Ce bilan a été confirmé sur place à l’AFP par Peter Bouckaert de l’ONG Human Rights Watch, qui a également fait état du lynchage à mort d’un musulman dans la matinée, près du marché central de Bangui. Un deuxième musulman a eu la vie sauve grâce à l’intervention de militaires burundais de la Misca, a-t-il précisé.
Dimanche, des soldats français de l’opération Sangaris, accompagnés de gendarmes centrafricains, ont pris position dans le 5e arrondissement, livré aux pilleurs et survolé par un hélicoptère de combat français.
Selon des habitants interrogés par l’AFP, après la mort de cinq personnes samedi soir, une femme chrétienne de ce quartier mixte a été tuée par un musulman. Son agresseur a été capturé, tué et son cadavre brûlé devant la mairie, où son corps calciné gisait au milieu de la route dans la matinée.
"Un deuxième civil musulman a ensuite été tué et son meurtrier s’apprêtait à jeter le cadavre sur un brasier quand les soldats rwandais de la force africaine (Misca) installés dans la mairie ont ouvert le feu", a raconté Innocent.
"Ils l’ont tué", a accusé Innocent, au milieu d’une foule surexcitée "criant À mort les Rwandais. Les Rwandais sont tous des musulmans. Dehors les Rwandais", hurlait une femme, tandis que crépitaient des rafales de kalachnikov.

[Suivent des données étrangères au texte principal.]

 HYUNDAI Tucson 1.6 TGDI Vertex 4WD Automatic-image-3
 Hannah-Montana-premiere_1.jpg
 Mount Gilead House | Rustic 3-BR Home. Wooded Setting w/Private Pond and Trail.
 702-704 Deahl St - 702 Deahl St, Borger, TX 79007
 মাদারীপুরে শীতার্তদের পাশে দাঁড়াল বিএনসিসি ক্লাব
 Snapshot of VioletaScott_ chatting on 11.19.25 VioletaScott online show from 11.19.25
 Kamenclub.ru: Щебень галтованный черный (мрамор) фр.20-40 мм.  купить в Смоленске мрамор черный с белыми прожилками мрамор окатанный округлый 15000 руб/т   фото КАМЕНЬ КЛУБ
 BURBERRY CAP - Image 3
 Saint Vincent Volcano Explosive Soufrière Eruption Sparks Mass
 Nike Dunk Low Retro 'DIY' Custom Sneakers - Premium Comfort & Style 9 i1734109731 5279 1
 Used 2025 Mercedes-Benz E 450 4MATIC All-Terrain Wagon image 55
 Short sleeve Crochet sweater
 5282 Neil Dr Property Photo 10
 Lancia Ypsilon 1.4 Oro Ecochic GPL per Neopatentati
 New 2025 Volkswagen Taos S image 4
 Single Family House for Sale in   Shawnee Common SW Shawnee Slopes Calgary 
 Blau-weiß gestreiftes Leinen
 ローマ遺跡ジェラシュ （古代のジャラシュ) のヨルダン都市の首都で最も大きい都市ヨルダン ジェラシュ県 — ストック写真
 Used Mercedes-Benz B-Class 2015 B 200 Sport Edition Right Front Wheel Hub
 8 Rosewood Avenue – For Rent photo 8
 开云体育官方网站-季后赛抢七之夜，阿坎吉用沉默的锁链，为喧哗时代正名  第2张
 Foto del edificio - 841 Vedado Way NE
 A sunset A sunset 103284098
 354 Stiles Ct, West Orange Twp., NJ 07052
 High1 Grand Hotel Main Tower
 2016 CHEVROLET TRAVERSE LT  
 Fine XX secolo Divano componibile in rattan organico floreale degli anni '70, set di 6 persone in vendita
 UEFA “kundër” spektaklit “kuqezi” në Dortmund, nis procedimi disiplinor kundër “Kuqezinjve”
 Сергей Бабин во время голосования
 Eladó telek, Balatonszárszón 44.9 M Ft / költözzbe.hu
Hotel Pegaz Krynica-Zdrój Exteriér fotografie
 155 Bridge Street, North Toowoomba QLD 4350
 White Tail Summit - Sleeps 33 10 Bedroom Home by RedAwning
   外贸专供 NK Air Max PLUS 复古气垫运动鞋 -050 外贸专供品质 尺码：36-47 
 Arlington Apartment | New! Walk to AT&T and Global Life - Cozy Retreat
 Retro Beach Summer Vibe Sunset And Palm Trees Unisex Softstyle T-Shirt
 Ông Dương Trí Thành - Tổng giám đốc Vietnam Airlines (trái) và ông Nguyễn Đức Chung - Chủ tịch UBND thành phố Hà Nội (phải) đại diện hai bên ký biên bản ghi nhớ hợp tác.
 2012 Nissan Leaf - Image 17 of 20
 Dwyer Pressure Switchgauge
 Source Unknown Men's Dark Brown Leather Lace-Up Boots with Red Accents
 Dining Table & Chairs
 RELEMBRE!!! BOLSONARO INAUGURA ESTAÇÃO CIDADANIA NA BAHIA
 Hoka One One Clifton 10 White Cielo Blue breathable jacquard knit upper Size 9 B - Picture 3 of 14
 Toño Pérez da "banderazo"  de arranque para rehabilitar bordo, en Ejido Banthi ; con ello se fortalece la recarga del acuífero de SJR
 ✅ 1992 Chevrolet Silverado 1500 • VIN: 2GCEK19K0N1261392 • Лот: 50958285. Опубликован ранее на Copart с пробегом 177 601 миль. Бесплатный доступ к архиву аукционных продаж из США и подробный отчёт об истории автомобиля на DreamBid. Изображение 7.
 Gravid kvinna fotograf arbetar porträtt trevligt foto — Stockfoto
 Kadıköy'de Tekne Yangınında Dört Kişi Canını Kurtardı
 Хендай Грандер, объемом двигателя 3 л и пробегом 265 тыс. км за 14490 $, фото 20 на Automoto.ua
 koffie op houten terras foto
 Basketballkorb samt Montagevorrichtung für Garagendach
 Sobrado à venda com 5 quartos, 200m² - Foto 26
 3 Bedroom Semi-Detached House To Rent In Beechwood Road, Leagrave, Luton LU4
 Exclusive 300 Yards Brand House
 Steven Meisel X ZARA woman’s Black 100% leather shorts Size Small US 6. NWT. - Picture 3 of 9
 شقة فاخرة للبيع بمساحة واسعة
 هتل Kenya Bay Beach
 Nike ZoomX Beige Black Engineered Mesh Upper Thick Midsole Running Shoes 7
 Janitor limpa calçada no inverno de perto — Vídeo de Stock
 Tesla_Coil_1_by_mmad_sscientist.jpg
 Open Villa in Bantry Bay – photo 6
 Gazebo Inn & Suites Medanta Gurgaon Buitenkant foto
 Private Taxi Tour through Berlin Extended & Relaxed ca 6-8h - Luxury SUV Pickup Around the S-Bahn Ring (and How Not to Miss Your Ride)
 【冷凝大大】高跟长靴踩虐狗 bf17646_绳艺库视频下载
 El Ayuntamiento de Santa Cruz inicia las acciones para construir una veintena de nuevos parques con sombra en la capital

Dans la mairie du 5e arrondissement, une petite dizaine de soldats rwandais était retranchés : la nuit, c’était terrible, a dit l’un d’eux à l’AFP.
L’arrivée de trois blindés de la force française Sangaris accompagnés de gendarmes centrafricains a fait baisser la tension sans pour autant mettre fin aux pillages qui se sont généralisés dans les bâtiments encore fumants.
Mobilier, matériaux de construction, câblages... En fin de matinée, et malgré les remontrances des militaires français, des bandes de jeunes continuaient de venir se servir, certains équipés de brouettes ou de charrettes se glissant entre les blindés.
Maison après maison, les parachutistes français du 8e Rpima de Castres (sud-ouest), accompagnés de dix gendarmes et policiers centrafricains, tentaient de chasser les pilleurs, qui reprenaient aussitôt leurs larcins quelques mètres plus loin.
Au fil de la matinée, le nombre de pillards n’a cessé d’augmenter : "Les Français ne vont pas nous tirer dessus", assurait rigolard un jeune coiffé d’un bonnet.
En milieu de matinée, plusieurs armes blanches et des cartouches avaient été saisis, a constaté une journaliste de l’AFP, tandis que des habitants annonçait la prochaine arrivée de miliciens anti-balaka pour tuer les Rwandais.
Au même moment, une réunion consacrée à la situation sécuritaire rassemblait dans un hôtel de Bangui le Premier ministre de transition André Nzapayéké ainsi que les représentants de la France, de l’Union européenne, des Nations unies, et les chefs de Sangaris, le général Francisco Soriano, et de la Misca, le général Jean-Marie Michel Mokoko.
Le commandant-en-chef de la Misca, le général Martin Tumenta Chomua, a menacé samedi les groupes armés de recourir à la force pour arrêter assassinats, lynchages et pillages qui se poursuivent à Bangui et en province en toute impunité.
"Désormais, on aura des bilans (de victimes) et des bilans lourds", avait-il averti sans donner davantage de précisions.
La Centrafrique a sombré dans le chaos depuis la prise du pouvoir en mars 2013 par Michel Djotodia, chef de la coalition rebelle Séléka à dominante musulmane et contraint à la démission le 10 janvier pour son incapacité à mettre fin aux violences.